Friedrich Engels, le camarade et ami de Karl Marx, avait déjà souligné cette inefficacité à la fin du XIXe siècle. Le système capitaliste repose sur la production marchande, c’est-à-dire sur la production de biens et de services destinés à être vendus sur un marché dans l’objectif d’en dégager un profit. Ce type de production – qui fonctionne sur base de la concurrence de chacun contre tous et toutes – favorise le chaos. “Toute société reposant sur la production marchande a ceci de particulier que les producteurs y ont perdu la domination sur leurs propres relations sociales. Chacun produit pour soi, avec ses moyens de production dus au hasard et pour son besoin individuel d’échange. Nul ne sait quelle quantité de son article parviendra sur le marché ni même quelle quantité il en faudra; nul ne sait si son produit individuel trouvera à son arrivée un besoin réel, s’il retire ses frais ou même s’il pourra vendre. C’est le règne de l’anarchie de la production sociale.” (Engels, Anti-Dühring – Monsieur Eugen Dühring bouleverse la science, 1877)

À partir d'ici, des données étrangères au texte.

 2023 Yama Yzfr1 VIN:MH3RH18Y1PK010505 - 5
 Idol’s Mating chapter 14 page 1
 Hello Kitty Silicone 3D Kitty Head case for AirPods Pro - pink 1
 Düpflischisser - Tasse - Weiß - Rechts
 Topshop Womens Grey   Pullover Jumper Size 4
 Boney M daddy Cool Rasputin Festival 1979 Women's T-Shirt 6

Le marché de l’électricité : un cas d’école
Prenons le marché de l’électricité et la question du renouvelable. Pour respecter les ambitions fixées par l’accord de Paris en 2025 – limiter le réchauffement de la planète à 1,5° Celsius par rapport aux températures préindustrielles – il faudrait un rythme de pose de panneaux solaires équivalent à 450 gigawatts tous les ans (ce qui représente 70 km2) jusqu’en 2028, selon l’Agence Internationale de l’Énergie. De la même manière, il faudrait implanter assez de dispositifs éoliens afin d’atteindre un niveau de production de 135 gigawatts par an sur la même période. Pour ce faire, il faudrait investir 1.000 milliards par an dans le renouvelable jusqu’en 2030. Or, les investissements réels n’atteignent même pas les 500 milliards.

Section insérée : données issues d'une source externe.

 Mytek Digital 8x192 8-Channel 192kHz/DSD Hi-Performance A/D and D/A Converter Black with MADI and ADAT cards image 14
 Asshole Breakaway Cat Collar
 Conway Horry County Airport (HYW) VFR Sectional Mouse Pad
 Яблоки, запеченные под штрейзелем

Pourtant, le renouvelable coûterait même moins cher que le fossile, selon l’Agence Internationale des Énergies Renouvelables (IRENA). Les coûts liés à la production d’électricité en charbon ou en gaz seraient compris entre 60 et 250 dollars par Mégawattheure, contre entre 24 $/MWh et 96 $/MWh pour le photovoltaïque en 2023.
Le prix de l’électricité est déterminé par ce qu’on appelle le “merit order”. Pour faire simple, il s’agit d’une manière de déterminer l’ordre de priorité attribué aux différentes sources d’énergie en fonction de leurs coûts variables. Concrètement, cela consiste à trier les centrales en fonction de celle qui coûte le moins cher à celle qui coûte le plus cher. Ce processus est très simple lorsqu’une seule entreprise possède toutes les centrales, comme lorsque c’était le cas avant les directives votées en 1996, 2003 et 2009 qui ont privatisé le secteur de l’énergie.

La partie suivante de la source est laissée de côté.